Both men had their cars at the village garage and an hour later the procession started. Beth riding beside “Bul Run” and Patsy accompanying the jolly “Dolph.”

“We must stop and pick up Nell,” said the latter, “for she’d be mad as hops if I went to see Toodlums without her.”

“I don’t wonder,” replied Patsy. “Isn’t my niece a dear baby?”

“Never was one born like her. She’s the only woman I ever knew who refuses to talk.”

“She crows, though.”

“To signify she agrees with everyone on every question; and her angelic smile is so genuine and constant that it gets to your heart in spite of all resistance.”

“And she’s so soft and mushy, as it were,” continued Patsy enthusiastically; “but I suppose she’ll outgrow that, in time.”

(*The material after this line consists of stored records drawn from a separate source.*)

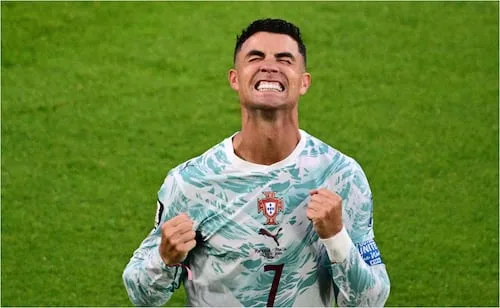 Cristiano Ronaldo no se rinde; cree que aún puede marcar la diferencia con Portugal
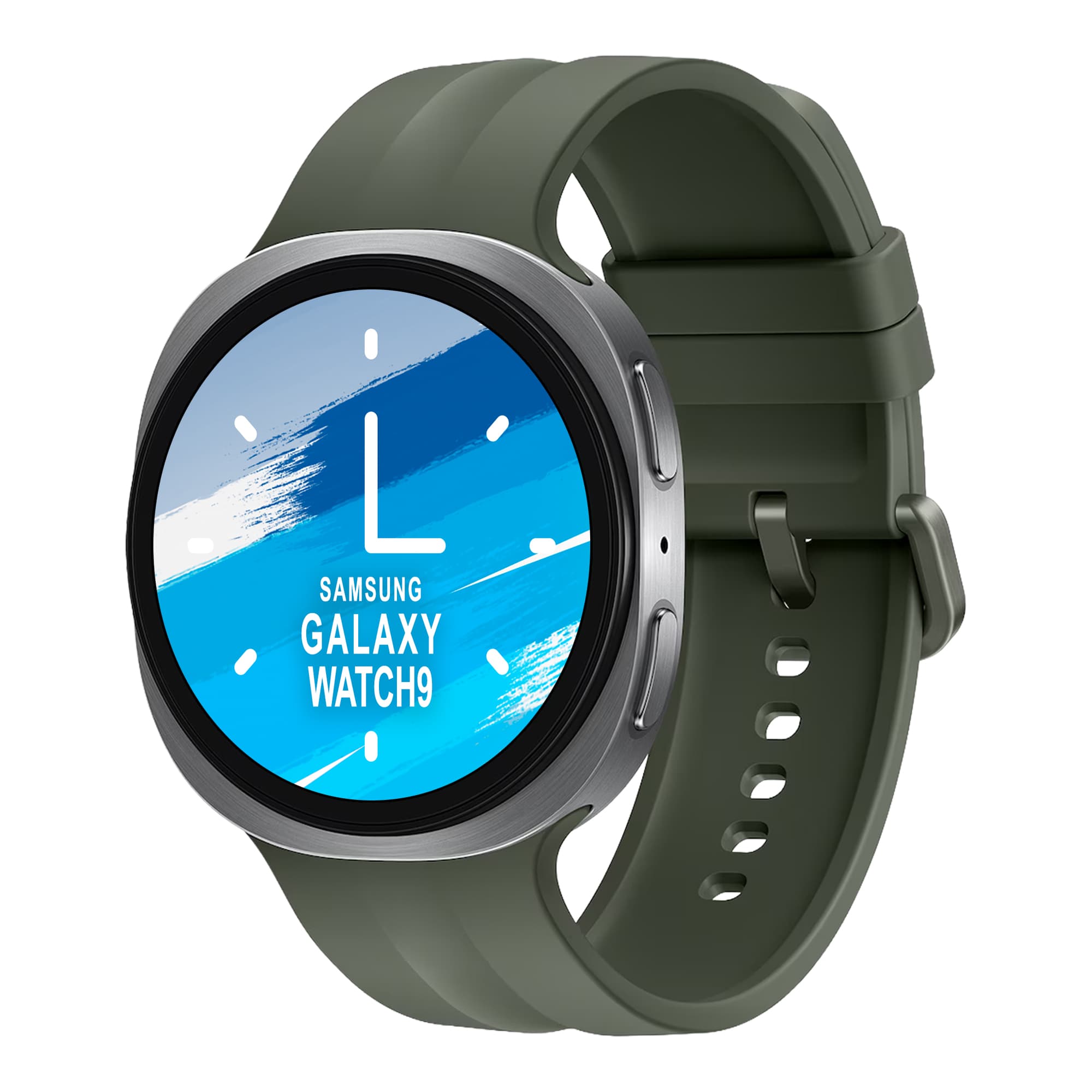 Smartwatch Watch9 Samsung 44mm Wifi Bluetooth Gps
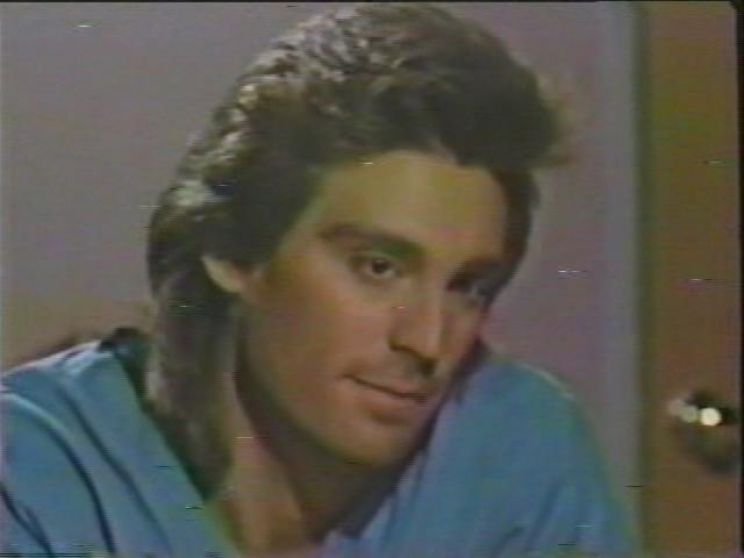 Michael T. Weiss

Mrs. Helen Hahn, when the three automobiles drew up before her young husband’s handsome residence, promptly agreed to join Rudolph in a visit to the baby. She proved to be a retiring and rather shy young woman, but she was very beautiful and her personality was most attractive. Both Patsy and Beth were delighted to find that Louise had so charming a neighbor, of nearly her own age.

Rudolph would not permit the party to proceed further until all had partaken of a refreshing glass of lemonade, and as this entailed more or less delay the sun was getting low as they traversed the five miles to El Cajon, traveling slowly that they might enjoy the exquisite tintings of the sky. Runyon, who was a bachelor, lived a few miles the other side of Arthur’s ranch. All three ranches had at one time been part of the Spanish grant to the Cristovals, and while Arthur now possessed the old mansion, the greatest number of acres had been acquired by Rudolph Hahn, who had preferred to build for himself and his bride a more modern residence.